CKA Study Guide – Core Concepts

Understand the Kubernetes API Primitives

The Kubernetes API is the only method for interacting with the Kubernetes system – whether the interaction is occurring on the CLI by a User or by Kubernetes itself. Everything goes through the API.

The various API objects within a Kubernetes cluster have the following responsibilities:

  • Represent the state of the system’s state.
  • Enables the configuration of the state of the system – declarative or imperative.
  • Declaratively describes the implementation of what we want the system to look.
  • Imperatively means we used the command line to make the system look like what we wanted.

There are 5 primary types of API objects within the Kubernetes system.

  • API Server is a RESTful API over HTTP using JSON.
    • All interactions with the system, either by the User or Kubernetes itself occur through the API server.
  • Pods – Containers that are deployed as a single unit
  • Controllers – Things that keep our system in the desired state.
  • Services – Persistent access point to the containers deployed within a Pod.
  • Storage – Objects for persistent storage leveraged by the Pods for the container-based application.

The application kubectl is not technically part of the Kubernetes cluster itself, but it is the primary means for the User to interact with the Kubernetes cluster. kubectl interacts with the API Server and our primary administration tool.
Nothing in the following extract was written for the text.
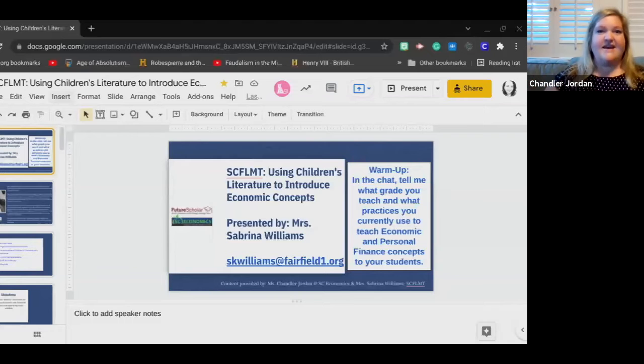My name is Chandler Jordan and I am the Program Director of SC Economics. The whole premise of SC Economics is to support teachers through workshops, webinars, resources, all of the things, and it is my role to be that support system for you.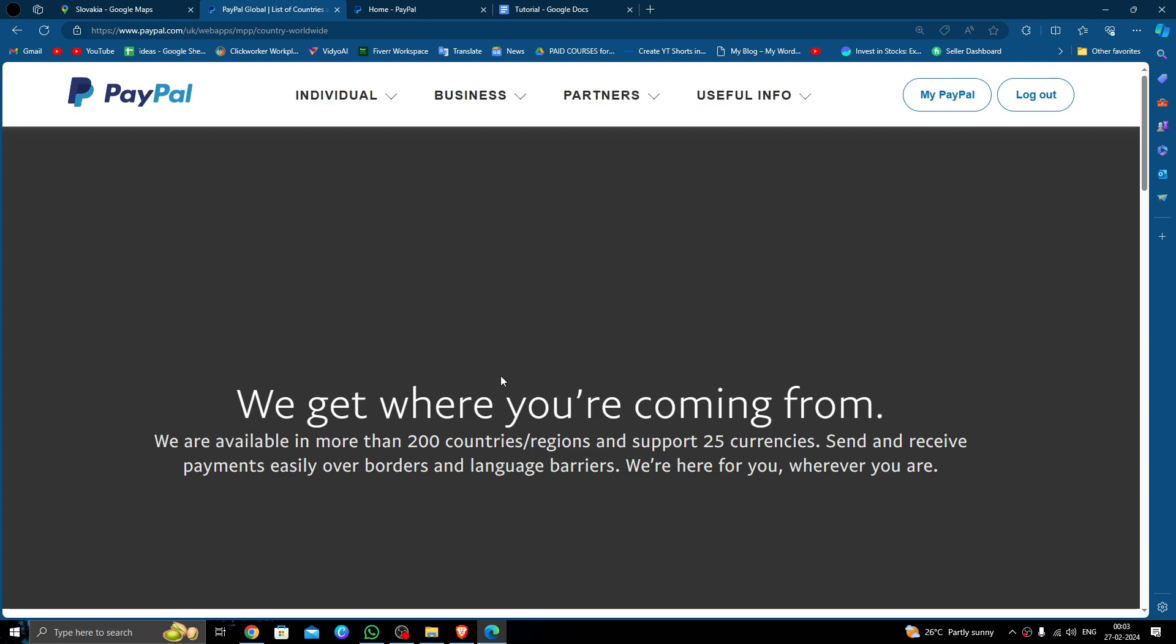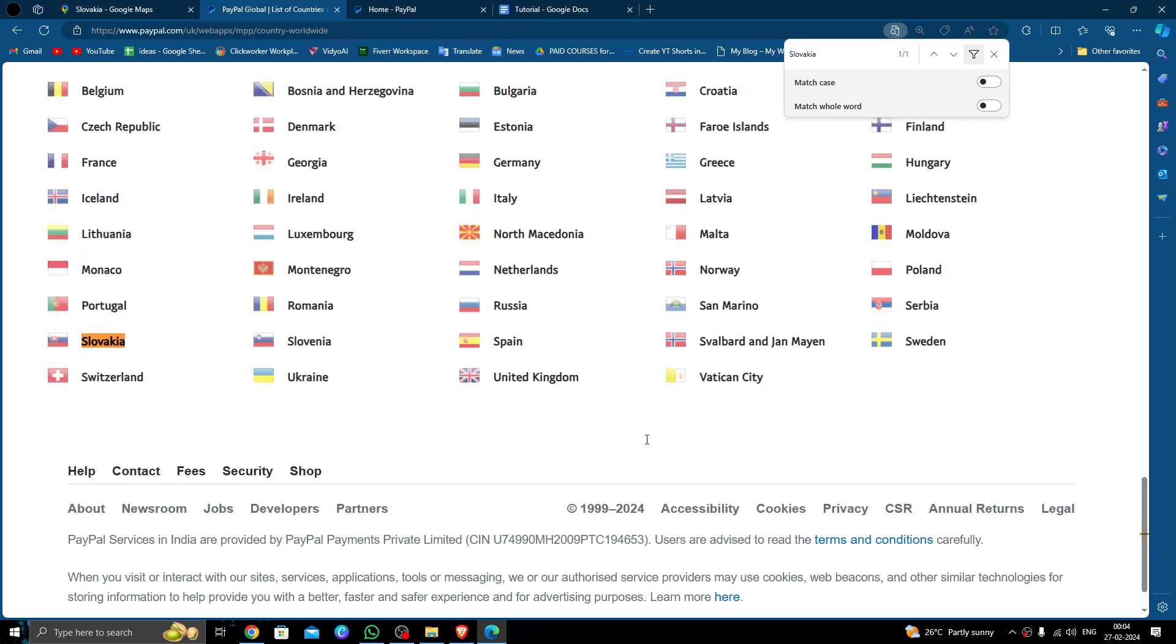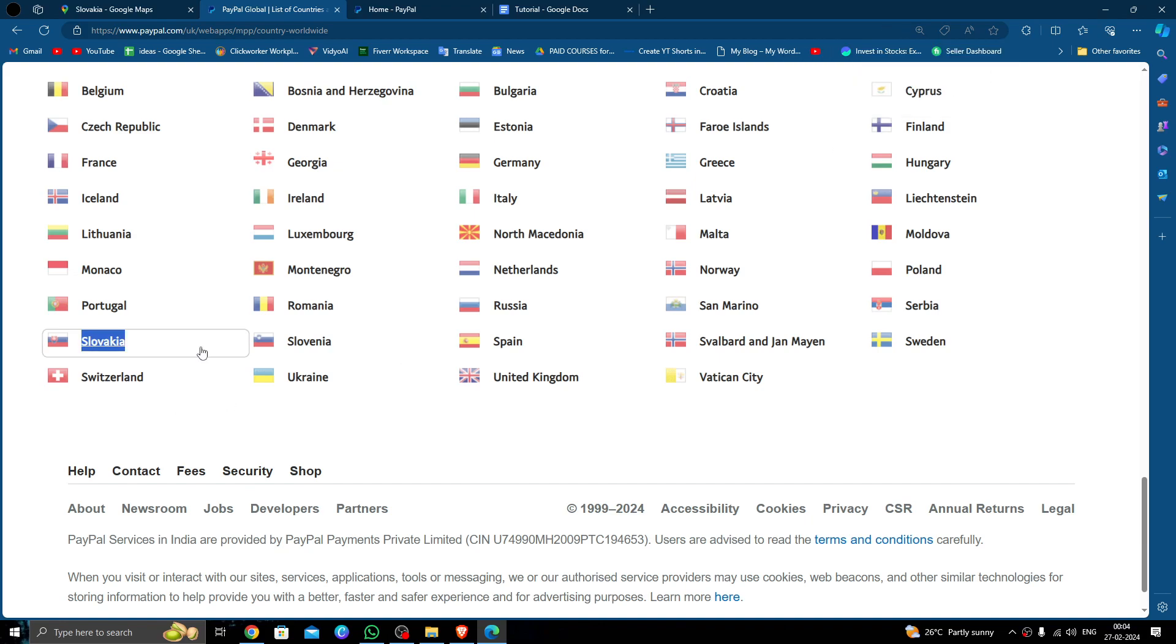Here we'll just press Ctrl+F and search for the country. So here we can see Slovakia has been approved by PayPal, so we can send the money. Let's find out how.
  • Construct that represents one or more containers.
  • It is the container based application and the most basic unit of work inside Kubernetes.
  • Unit of scheduling – up to Kubernetes to schedule the Pod.
  • Ephemeral – no Pod is ever re-deployed – no state is ever shared between iterations of the Pod.
  • Atomicity – they are either there or they are not.
  • A Pod definition is all about keeping the desired state.
    • Kubernetes tracks the state of every Pod.
    • Kubernetes tracks the application health of every Pod.
    • Liveness probes are leveraged to track state and health of the Pods.


The sole part of Kubernetes that is responsible for tracking the state of the Pods deployed within the system.

  • Creates and manages the Pods for us.
  • Job of the controller to take the Pods definition for desired state and act appropriately.
  • Responds to the Pod state and health.
  • ReplicaSet (API Object) – Defines the number of replicas of the pods we want running at any time.
  • Deployment (API Object) – Manages the rollout of the ReplicaSet. Manages the transition between two ReplicaSets.
    • Think of moving from v1 to v2 of a container application where v1 had 2 copies of the Pod, while v2 has 4. The Deployment API Object manages the transition of the Pod state to match the new desired state.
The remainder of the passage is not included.